Why Do You Love Seamed Bras So Much?

…is a question I’ve been getting with some frequency, and it’s high time I answered it. It’s true, I love seamed bras with all my heart. Seams are the best. Seams make my boobs go round. Seams will never give you up, let you down, run around, desert you, make you cry, etc.

Okay, that might be a little much, even for me. There are absolutely times when a molded cup bra is also your friend. For newbies, a “molded cup” refers to a bra cup that is made of a single piece of material that has been molded into a round shape. Sometimes you’ll see molded cups made of single, flexible pieces of fabric (like Fantasie’s Smoothing Full Cup Bra); more frequently (in the US, at least) molded cup bras are made of a slightly thicker material like foam or spacer fabric, to provide a little more coverage (like Freya’s Deco or Cleo’s Maddie).

Deco Vibe by Freya in Watermelon, 28-30 D-GG, 32-36 B-GG, 38 B-G

Deco Vibe by Freya in Watermelon by Freya

Smoothing Balconette Bra by Fantasie

Smoothing Balconette Bra by Fantasie

Some people strongly prefer molded cup bras for wearing under uniforms or tee shirts, or because they feel self-conscious if their bra seams (or nipples) are showing. I don’t care as much about seams showing, because for whatever reason I have very few tops where that’s a problem, but I do prefer molded cup bras in two particular styles: sports bras and strapless bras. Molded cup bras like the Panache Sports Bra or the Freya Active Underwire Sports Bra provide smooth, sturdy support with no seams inside the cup to chafe against tender skin. Strapless bras don’t have straps (duh, thanks for that, Sweets) to help lift and smooth the cup, so a molded cup (like the Freya Deco Shape collection) helps keep your boobs lifted and wrangled.

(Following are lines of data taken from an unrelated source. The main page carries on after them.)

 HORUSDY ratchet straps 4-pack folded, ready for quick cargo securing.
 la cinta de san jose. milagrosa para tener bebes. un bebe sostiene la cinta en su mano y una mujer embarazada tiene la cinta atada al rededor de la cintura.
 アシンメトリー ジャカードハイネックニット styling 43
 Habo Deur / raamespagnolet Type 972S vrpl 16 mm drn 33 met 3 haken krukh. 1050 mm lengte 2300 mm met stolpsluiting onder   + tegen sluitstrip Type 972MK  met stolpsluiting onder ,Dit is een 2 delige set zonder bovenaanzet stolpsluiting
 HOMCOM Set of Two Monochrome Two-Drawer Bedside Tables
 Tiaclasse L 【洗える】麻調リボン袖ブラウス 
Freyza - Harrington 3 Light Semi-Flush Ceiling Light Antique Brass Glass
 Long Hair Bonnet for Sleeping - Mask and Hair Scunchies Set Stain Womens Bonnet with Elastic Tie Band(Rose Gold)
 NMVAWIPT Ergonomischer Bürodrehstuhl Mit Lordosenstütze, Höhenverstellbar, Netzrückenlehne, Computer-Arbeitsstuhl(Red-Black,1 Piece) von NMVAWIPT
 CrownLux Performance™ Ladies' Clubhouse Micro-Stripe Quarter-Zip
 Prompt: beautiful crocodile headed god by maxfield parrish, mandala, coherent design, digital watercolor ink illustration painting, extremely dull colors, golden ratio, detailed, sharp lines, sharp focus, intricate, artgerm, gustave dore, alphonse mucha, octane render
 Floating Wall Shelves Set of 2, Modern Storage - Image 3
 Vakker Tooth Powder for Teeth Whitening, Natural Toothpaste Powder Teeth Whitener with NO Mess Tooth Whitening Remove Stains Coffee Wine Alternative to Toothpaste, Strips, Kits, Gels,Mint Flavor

Apart from those two instances, you’ll pry my seamed bras from my cold, dead hands.

Seams generally affect:

SHAPE

With a molded bra, the shape you see on the hanger is generally the shape it will give your boobs.  With a seamed bra, the seams are like a road map: the direction of the seams tells you a little more about what the final shape will look like, but you usually have to try the bra on to see how it works with your individual body. If you’re at the beginning of your lingerie-wardrobe-building journey, it’s a good idea, once you have a collection of at least 2-3 bras that you like, to pay attention to the seam patterns and see if there’s a pattern in particular that really seems to work for you. There are a few classic shapes:

Single vertical seam:

Allegra vertical seam bra, suspender, and brief in black, 30-38 D-G. $76

Allegra vertical seam bra by Fantasie

More often than not, if you have a seamed full-bust or full-figure bra, you’ll have a vertical seam. The reason is this: seams sort of “direct” your breast tissue and dictate the shape the bra will give you, and a vertical seam tells your breast tissue to “go up”. These seams help lift breast tissue up and off the ribcage, which many full-bust women find cooler more comfortable. That lift also helps create cleavage in bras with lower cups and shorter center gores.

Single horizontal seam:

Jessica Bra by Louise Ferdinand

Jessica Bra by Louise Ferdinand

Many vintage and vintage-inspired bras use this classic shape, but it’s more common in small-bust and core sizes rather than full-bust sizes (especially G+ sizes). Bras with single horizontal seams tend to offer depth (since the seam tells your breast tissue “go out”), but they don’t always offer the same centered shape as a bra with vertical seams or side panels.

Multiple vertical seams:

CHP Marcepanowa Magnolia by Ewa Michalak

CHP Marcepanowa Magnolia by Ewa Michalak

This seam pattern is very common in half-cup bras or demi bras, and bras with this construction usually offer lots and lots of lift (remember, vertical seams tell your breast tissue to go up) with beautifully rounded cleavage.

Vertical seam + diagonal seam:

Dessous by Claudette in Periwinkle/Cream Soda. 28 D-G, 30-34 A-G, 36-38 B-G. $62

Dessous bra by Claudette

This is one of the most common contemporary bra shapes: the three-part balconette bra. It also happens to be one of my favorites: the vertical seam in the bottom of the cup is there to provide vertical lift, and the diagonal seam means that the bottom section of the cup attaches directly to the strap, which helps to draw breast tissue in from the sides of the body for a centered profile.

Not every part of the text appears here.